Through writing this blog, I want to deepen my understanding of the intersection between my art, my queer identity, and my wellbeing. More importantly, though, I want to hear from you. How do you utilise art as a wellbeing practise? What queer artists inspire you to create? How does being queer impact your relationship to art and wellbeing?

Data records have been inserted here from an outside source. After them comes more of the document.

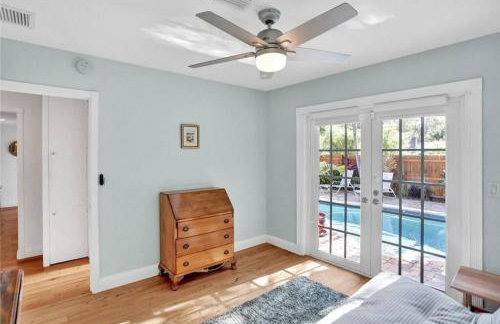 Chic Victoria Park Villa with Heated Pool and Spa - Foto 21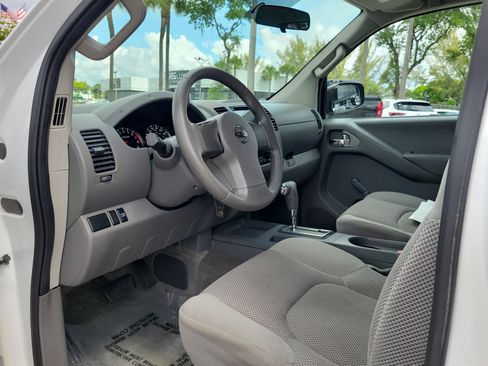 Used 2012 Nissan Frontier S RWD image 9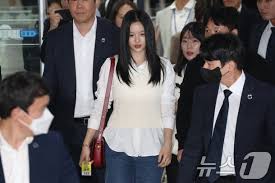 하니 국정감사 출석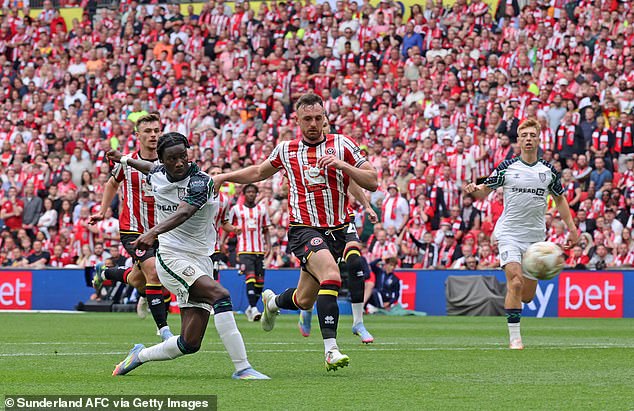 Eliezer Mayenda postigao je ključni izjednačivač nakon što su lopatice dominirale u velikim čarolijama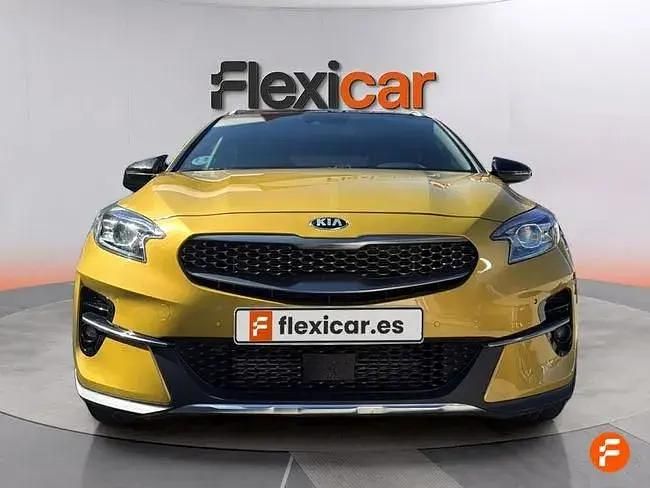 Usado Kia XCeed 140 HP (102 kW) 2020 Amarelo SUV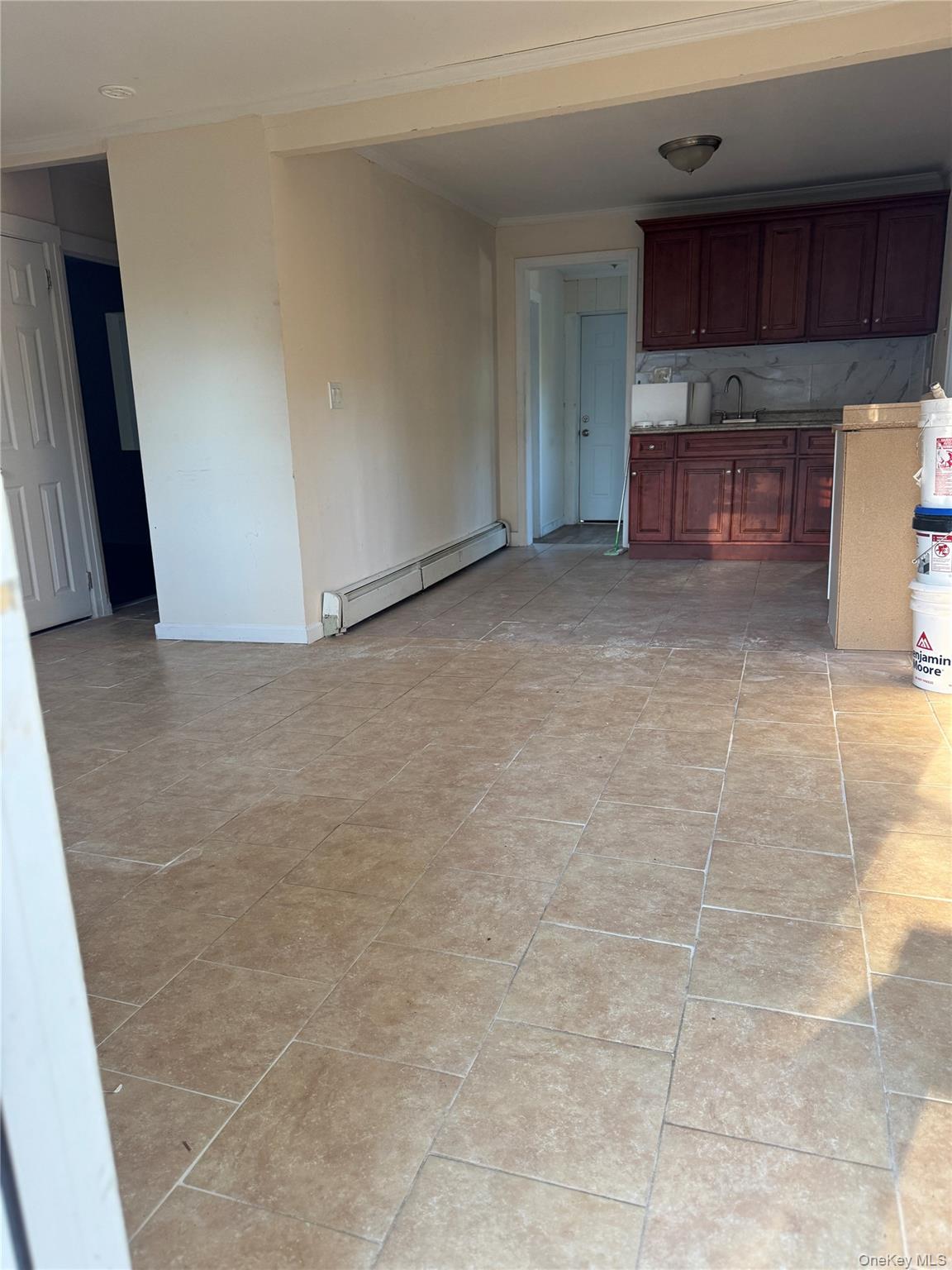 21 Lincoln Drive Property Photo 2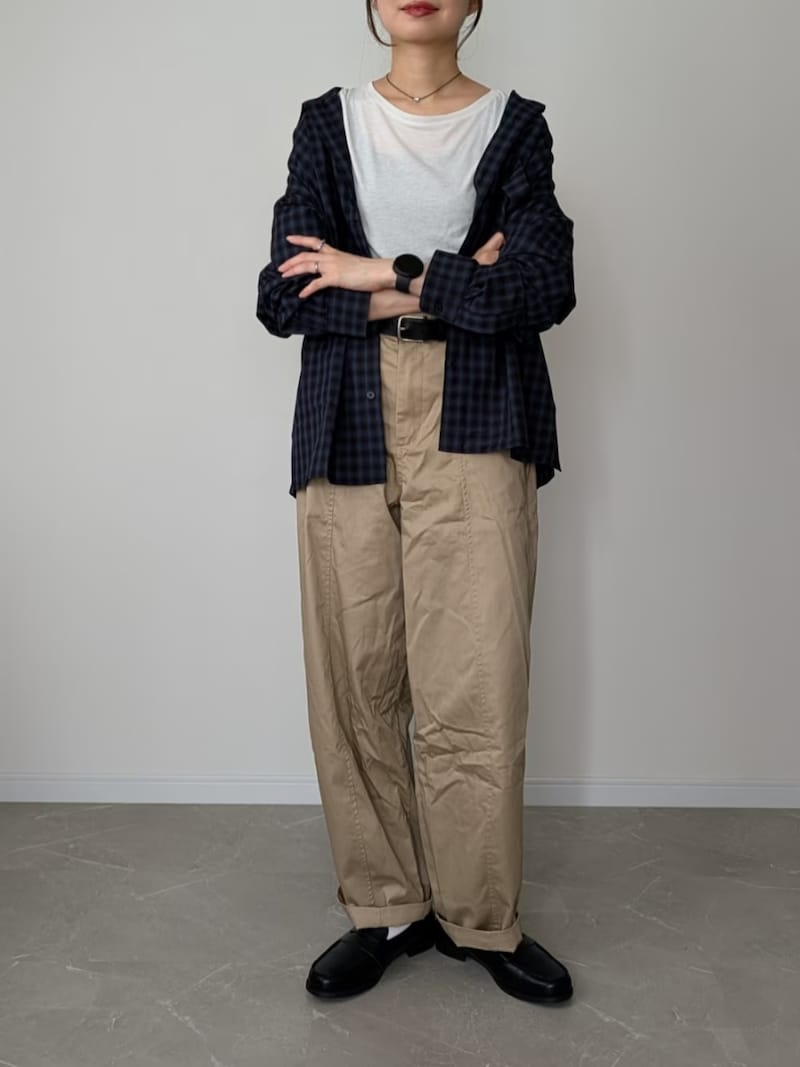 さっと羽織るのにもぴったりなやわらかい素材のメンズシャツ　出典：WEAR
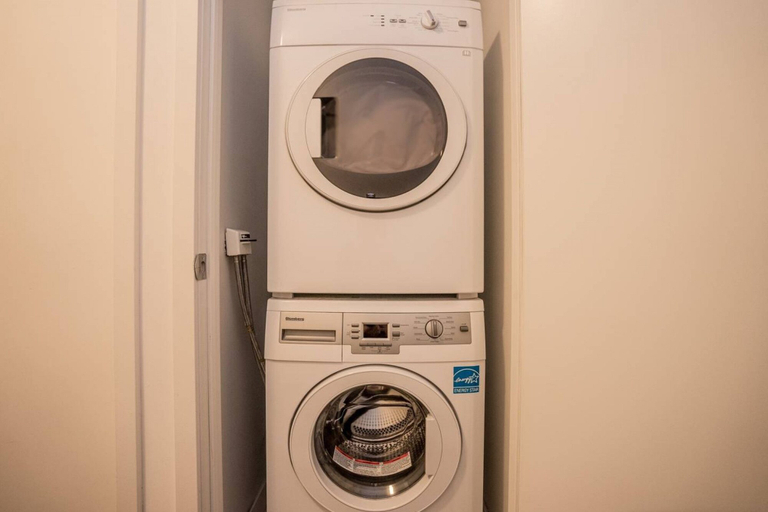 Bathroom 4, Aaira Suites 35, Toronto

Today I will leave you with a prompt through which to approach this connection between queer wellbeing and art.

Think about a time when you felt isolated and imagine you are able to go back in time and talk to that version of yourself. Free-write about what you needed to hear and then turn that freewriting into a piece of art of your choosing.

If you feel comfortable sharing your piece you can do so through the hashtag #UOBQueerWellbeing, but even if you don’t, remember that the most valuable thing is making time for yourself and prioritising your emotions.

Here is a poem that I wrote based on that prompt:

Keeping Up Appearances

Your interior design was inhumane,
tyrant mother frothing Rabies Grey.

You’d invite me over to bathe in my shades
Offbeat Green                    Outlandish Red
splayed out, for a moment, on your bed.

When you claimed she had relented
to your demands of repainting
I had to go away

but was sustained by thoughts of your freckled face
sprayed with a rainbow of renovation,

Callous Graphite at last replaced
by Easy Tangerine.
Miles of Spirited Cyan tiles pasted
where Charcoal Nonchalance had been.

When I came
lonely
restless
for a peek, I expected brushes, rollers, buckets
of Euphoric Purple                      Alluring Pink,
a heady technicolour dream,

but not a rainbow could be seen,

curtains drawn.

I stole a glimpse through their Ivory Silence,
found every surface just as I’d left it

Smoke.
Fossils.
Ashes.

 

Bibliography

  • Hansberry, Lorraine To Be Young Gifted and Black: Lorraine Hansberry in Her Own Words, ed. by Robert Nemiroff (New Jersey: Prentice-Hall, 1969), p. 137.
  • Keating, Amy, ‘Laughing (until/because) it Hurts: Finding Time for ‘Queer Belonging’ and ‘Queer Joy’ through Art and Aesthetics ‘, Western University, (2021), in <https://ir.lib.uwo.ca/cgi/viewcontent.cgi?article=1213&context=inspiringminds>
  • Danielle Knafo, ‘Alone Together: Solitude and the Creative Encounter in Art and Psychoanalysis’, Psychoanalytic Dialogues, 22.1, (2012), 54-71.